To even get a comic or colouring set was a big deal, back in the day, but times have changed.

Sara1954 Mon 03-Feb-25 10:19:39

I have a recently acquired step grandson, he’s late teens and although we get on, and we meet up on family occasions, he’ll never really be a grandson, in the same way that the other children are.
I do of course give presents, and he doesn’t, that doesn’t bother me in the slightest, but I do find it awkward, and wish there were some rules I could follow

Greyduster Mon 03-Feb-25 10:16:23

My son has two stepsons - now adults - to whom I have always given a small sum of money at Christmas, and on their birthdays. I’ve never expected anything back from them except a thankyou. This year I had a thankyou from the eldest, but nothing from the youngest. I’ve never considered myself, or wished to be, a grandmother to them; have certainly never wished for presents, but I was surprised at how much the lack of a simple “thankyou” has upset me. I rarely see them now and I have wondered recently whether to confine myself to just sending birthday cards now. Difficult isn’t it?

Septimia Mon 03-Feb-25 10:01:14

I've found that men aren't necessarily good at this sort of thing. How many couples do you know where the wife organises cards and presents for his family as well as hers? So the idea of giving presents may not have crossed his mind.

I'd suggest continuing to give him presents but perhaps drop hints, when others are around as well, about how much you appreciate a bunch of flowers or a box of chocolates on your birthday/Christmas.

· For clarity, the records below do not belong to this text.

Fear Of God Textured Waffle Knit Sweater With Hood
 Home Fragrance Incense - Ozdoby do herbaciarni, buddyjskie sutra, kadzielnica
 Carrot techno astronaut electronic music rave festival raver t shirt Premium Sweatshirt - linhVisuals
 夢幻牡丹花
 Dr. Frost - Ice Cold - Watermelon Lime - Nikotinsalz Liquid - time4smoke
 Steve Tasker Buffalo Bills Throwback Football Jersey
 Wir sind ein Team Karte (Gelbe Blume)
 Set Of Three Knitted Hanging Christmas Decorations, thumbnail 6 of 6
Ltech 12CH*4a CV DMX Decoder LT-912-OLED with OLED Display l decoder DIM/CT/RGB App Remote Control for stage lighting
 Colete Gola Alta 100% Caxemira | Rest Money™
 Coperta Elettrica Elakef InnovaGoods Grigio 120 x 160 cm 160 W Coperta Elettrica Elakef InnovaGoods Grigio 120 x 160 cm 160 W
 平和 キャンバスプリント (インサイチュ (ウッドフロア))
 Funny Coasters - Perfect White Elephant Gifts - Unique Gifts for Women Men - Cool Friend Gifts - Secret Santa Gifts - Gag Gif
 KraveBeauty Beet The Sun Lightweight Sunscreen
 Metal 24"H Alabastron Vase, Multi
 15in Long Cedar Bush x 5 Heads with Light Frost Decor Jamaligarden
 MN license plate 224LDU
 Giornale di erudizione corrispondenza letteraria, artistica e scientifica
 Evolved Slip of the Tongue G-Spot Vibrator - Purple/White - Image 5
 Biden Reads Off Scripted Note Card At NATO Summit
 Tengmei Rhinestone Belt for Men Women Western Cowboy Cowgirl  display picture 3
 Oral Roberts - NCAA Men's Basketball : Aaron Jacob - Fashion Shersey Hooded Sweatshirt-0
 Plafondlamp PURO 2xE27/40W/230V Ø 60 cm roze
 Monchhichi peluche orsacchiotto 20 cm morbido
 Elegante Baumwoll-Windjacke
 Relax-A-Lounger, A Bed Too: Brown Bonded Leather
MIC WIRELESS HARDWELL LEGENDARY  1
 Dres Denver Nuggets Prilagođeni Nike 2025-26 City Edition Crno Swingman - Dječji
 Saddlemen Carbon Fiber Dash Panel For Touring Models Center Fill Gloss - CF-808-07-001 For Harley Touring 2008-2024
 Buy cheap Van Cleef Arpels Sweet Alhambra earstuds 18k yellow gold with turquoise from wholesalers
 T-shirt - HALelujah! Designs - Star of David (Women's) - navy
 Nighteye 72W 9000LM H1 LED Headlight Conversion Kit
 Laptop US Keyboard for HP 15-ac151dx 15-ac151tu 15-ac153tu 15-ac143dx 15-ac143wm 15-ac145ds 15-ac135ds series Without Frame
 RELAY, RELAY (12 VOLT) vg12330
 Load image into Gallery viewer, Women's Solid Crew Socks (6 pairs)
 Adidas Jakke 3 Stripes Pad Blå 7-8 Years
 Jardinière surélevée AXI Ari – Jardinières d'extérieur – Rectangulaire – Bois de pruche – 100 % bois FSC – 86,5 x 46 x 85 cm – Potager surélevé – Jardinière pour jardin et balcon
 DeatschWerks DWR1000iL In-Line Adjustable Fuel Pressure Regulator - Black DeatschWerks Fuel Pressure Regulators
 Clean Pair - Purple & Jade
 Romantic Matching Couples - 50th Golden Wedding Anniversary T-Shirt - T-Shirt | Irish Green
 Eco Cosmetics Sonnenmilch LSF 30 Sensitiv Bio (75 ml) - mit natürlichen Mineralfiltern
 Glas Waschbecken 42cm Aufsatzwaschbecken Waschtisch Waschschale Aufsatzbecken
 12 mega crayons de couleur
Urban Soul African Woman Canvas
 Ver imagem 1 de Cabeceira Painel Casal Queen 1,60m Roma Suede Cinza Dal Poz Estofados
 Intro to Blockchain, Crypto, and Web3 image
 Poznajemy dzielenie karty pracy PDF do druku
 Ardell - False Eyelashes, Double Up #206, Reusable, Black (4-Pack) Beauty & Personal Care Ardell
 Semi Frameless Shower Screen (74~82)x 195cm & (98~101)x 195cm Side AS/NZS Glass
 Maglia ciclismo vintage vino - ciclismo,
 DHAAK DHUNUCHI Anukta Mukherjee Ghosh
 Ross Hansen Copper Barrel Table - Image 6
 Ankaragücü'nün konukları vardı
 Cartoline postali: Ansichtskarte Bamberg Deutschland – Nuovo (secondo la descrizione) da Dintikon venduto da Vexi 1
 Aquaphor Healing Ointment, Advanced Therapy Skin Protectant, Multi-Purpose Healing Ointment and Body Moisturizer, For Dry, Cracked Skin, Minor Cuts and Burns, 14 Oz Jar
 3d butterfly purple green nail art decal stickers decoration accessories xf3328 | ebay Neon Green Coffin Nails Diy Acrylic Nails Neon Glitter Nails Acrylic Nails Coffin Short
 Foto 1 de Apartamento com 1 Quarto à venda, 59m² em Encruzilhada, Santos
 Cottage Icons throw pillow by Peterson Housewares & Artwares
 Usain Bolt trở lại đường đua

Grannycool52 Mon 03-Feb-25 09:56:25

Absolutely.

Youngerthanspringtime Mon 03-Feb-25 09:35:18

I have 2 grandchildren, one still at school and one working and a step grandchild in his twenties to whom I've been Grandma since he was 2. My daughter (no kids) and I have always treat said step grandson really well. I saved up for him for his 21st and gave him a good amount of cash, which he wasted.
Would you expect him to give small Christmas gifts to my daughter and myself - just even a box of chocs would be nice. My youngest grandchild at school loves Christmas shopping, always gets pleasure out of giving. Would you just carry on giving step grandson presents and ignore that he doesn't reciprocate with a small gift or is this normal?